Henry’s teapot, the old, dinged, aluminium one he favoured, sat on the bench. Maia had offered to make everyone tea and coffee, but there was no coffee in the house, and no one really wanted to drink tea out of his teapot without him here. It felt wrong. Not that we said that out loud. It was a chorus of ‘no thanks, I’m fine.’ Which, of course, was bullshit. We were anything but fine.

I had lost enough people in my life to know that this was the worst time. The waiting. The in-between hours. A death had occurred, but the arrangements had yet to be made. In the meantime, we were in limbo.

I remembered Vinnie and I venturing out from under the bed after Dad died, sitting outside on the back porch. We were at a loose end. Mum was inconsolable and everyone seemed to have their hands full with her. We were just kids. We didn’t know what to do with our grief, or where to put ourselves.

I felt the same way now.

Bridget was in a world of her own, and it was Alex and I that had dealt with the doctor and called the funeral director. For once, Bridget seemed incapable of anything. Maia tried to talk to her, to offer some support, but Bridget wasn’t ready for that yet. She was still processing. I could tell, I recognised the signs. It wasn’t like when Em disappeared. Things don’t happen the same way when dealing with a missing person. There are interviews, details that need to be obtained, an endless flood of questions. It all seems to happen slowly, methodically.

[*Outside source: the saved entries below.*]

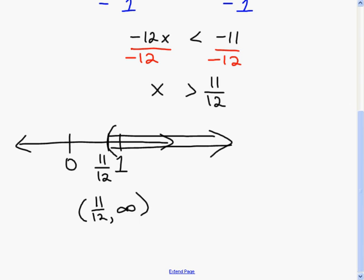Only if you multiply or divide by a negative would you reverse the inequality. Watch that, be careful, make sure you know how to graph on a number line, and make sure you know how to put answers into interval notation as well.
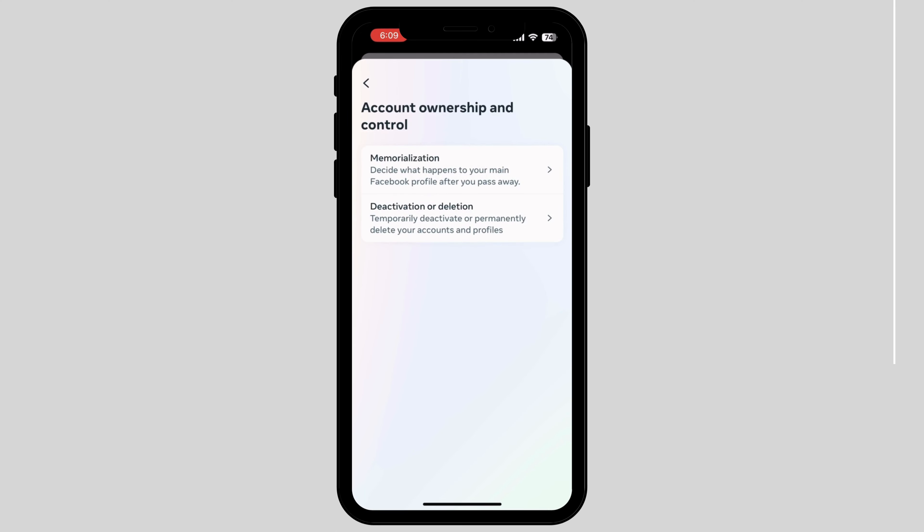In this section, you'll see two options: Deactivation or Delete. Tap on Deactivation.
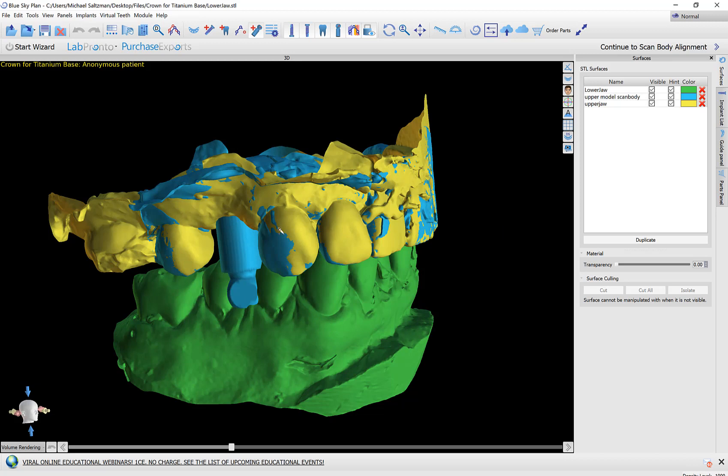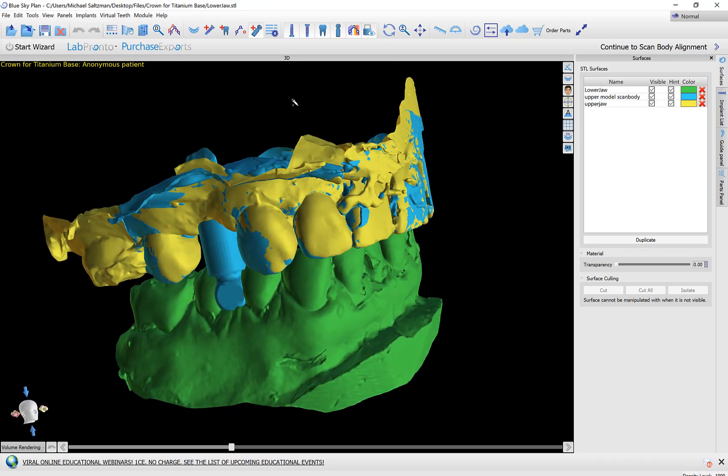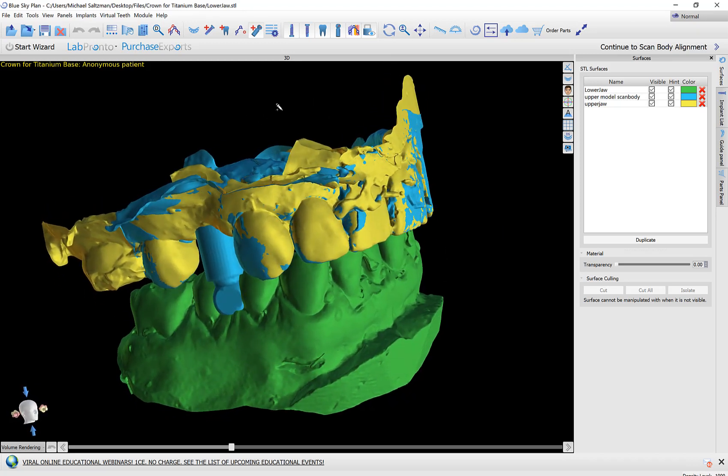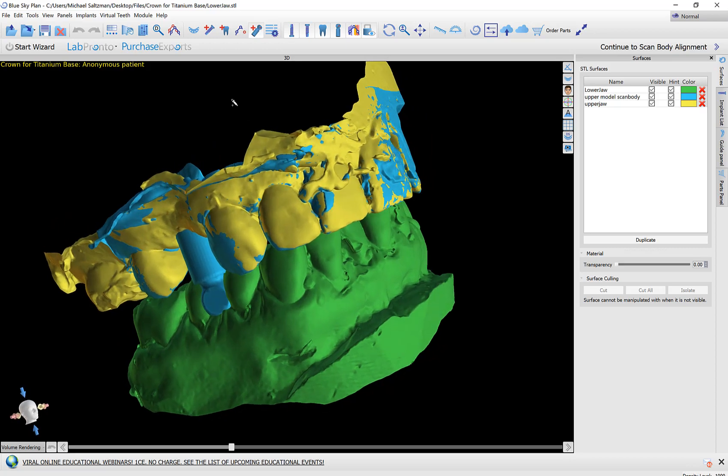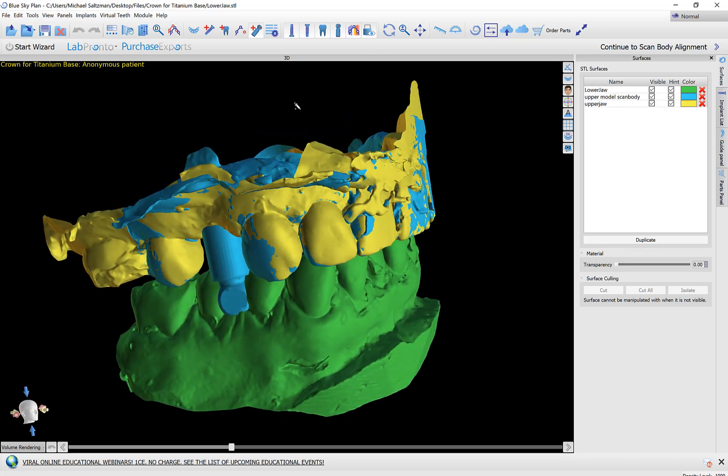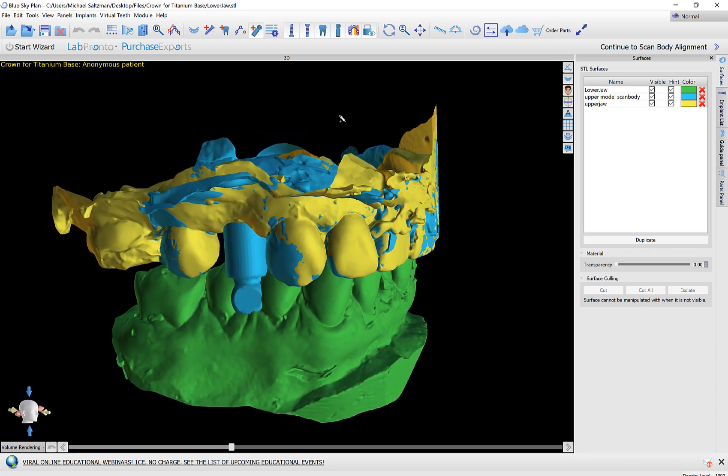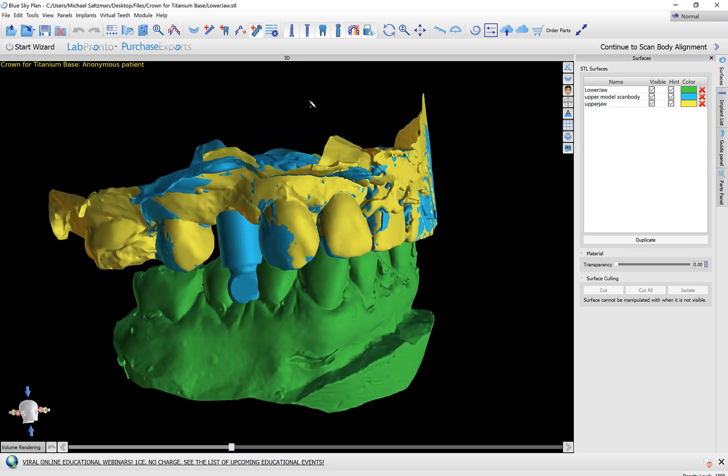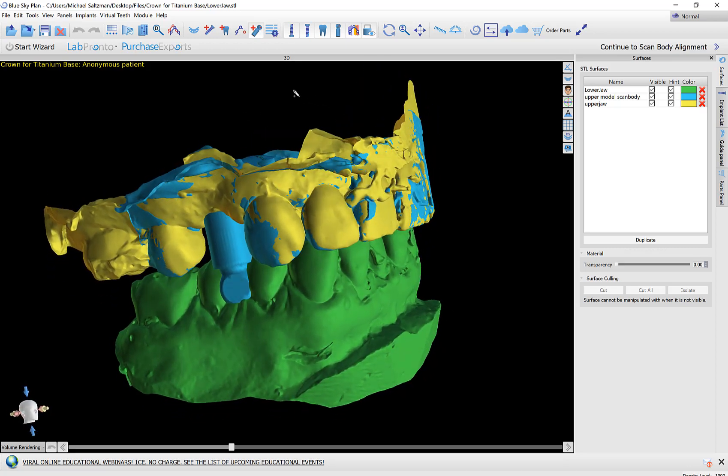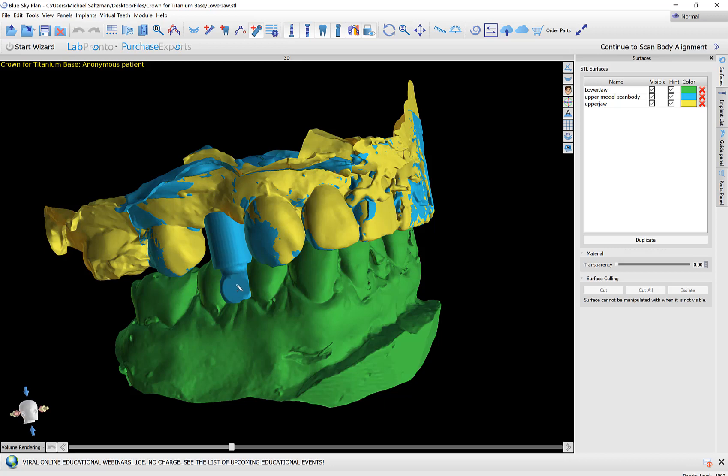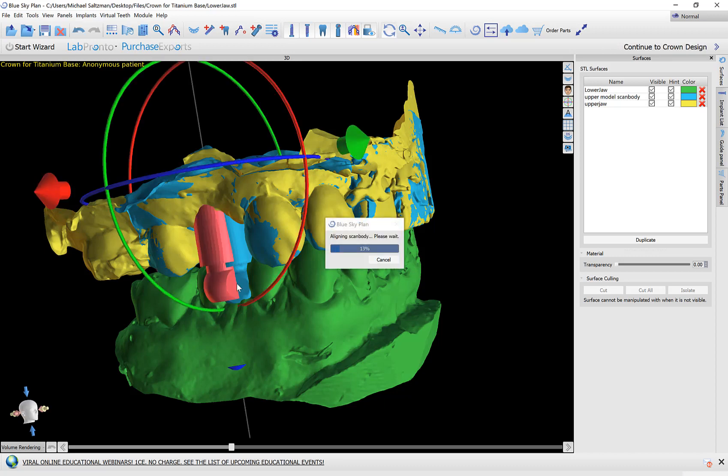If I do need to rotate the models I could use my left mouse button to click outside of the models and rotate and orient. If I click on the model then it will try to align the scan body to the point that I clicked. At this point I see the scan body and the flat section of it. I'm going to align my crosshairs to the middle of the flat part and left click once. The software is going to process and align the scan body.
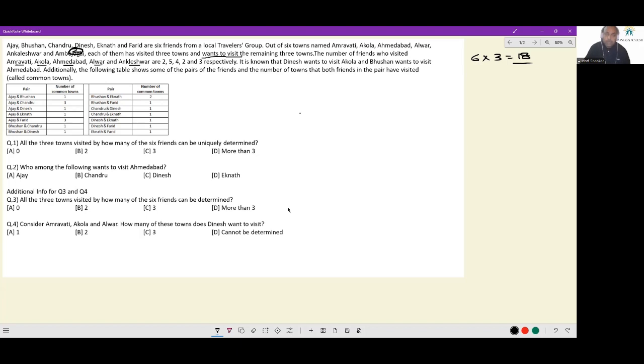It is known that Dinesh wants to visit Akola, which is another way of saying Dinesh has not visited Akola. And Bhushan wants to visit Endabad, so Bhushan has not visited Endabad.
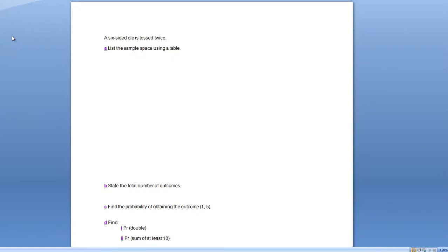Lattice diagrams are a way of showing the sample space for multiple events occurring. What we've got here is a six-sided dice — a normal, fair dice — tossed twice. We want to list the sample space using a table, or what's called a lattice diagram.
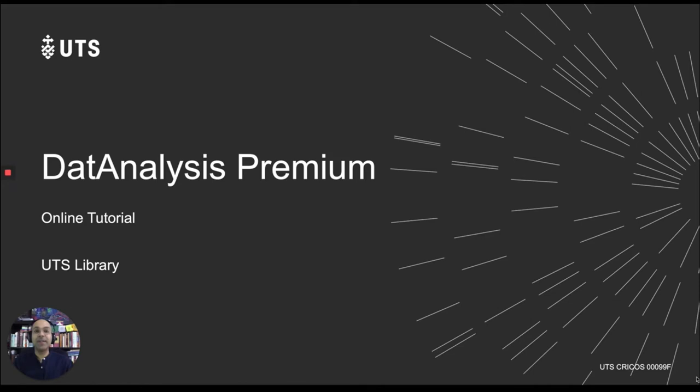Hello everyone, welcome to this online tutorial. My name is Hussain and I am from the UTS library.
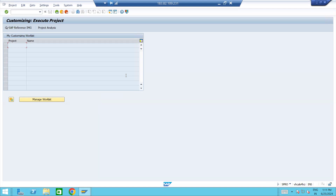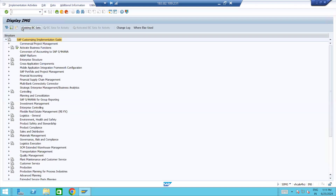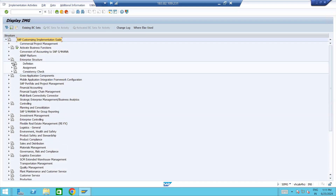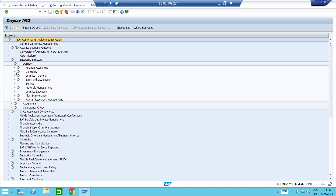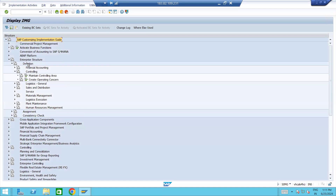Starting from SAG reference and INSPEC, navigate via SPRO to enterprise structure, then definition, then controlling, and maintain controlling area.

This felt more sudden, like a shove. A punch. A knife to the heart.

I went over and over every single thing that happened when we were here yesterday. Jesus. Yesterday seemed like a lifetime ago. He was chatty, I remember that. I wonder if he knew, somehow? Was he scared? Was it peaceful? Was it sudden?

I leant forward, grief grabbing me from behind and forcing the air out of my lungs.

I didn’t even hear Maia come into the room. She knelt down beside me and worked her way into my arms, holding me just when I thought I was going to snap from the weight of grief. She rubbed my back gently, and I closed my eyes.

At the heart of the matter, I just couldn’t imagine a world without Henry in it.

“I’m not going to ask you how you’re doing,” she murmured into my shoulder. “Seems like a stupid question.”

Yeah, it did. We sat there like that for the longest time. I didn’t want to move. I wanted the clocks to stop and the world to stop spinning until I had a chance to deal with this.

“Where’s Alex?” I mumbled.

“In the living room with Bridget.”

Alex had been incredible over the past hour. He was sober, for one thing. And he had barely left Bridget’s side. We seemed to have formed a silent truce, putting the animosity of the past few years behind us. There didn’t seem to be any point right now. Bridget needed all of us. I just hoped he was planning on sticking around, and staying sober. I couldn’t deal with him acting like an *, not right now.

“I should call Vinnie and Jas,” I whispered into Maia’s hair.

“Do you want me to call them?”

“No, it’s okay. I’ll do it. I’ll wait for the funeral director to get here first.”

“What are we going to do about the café?”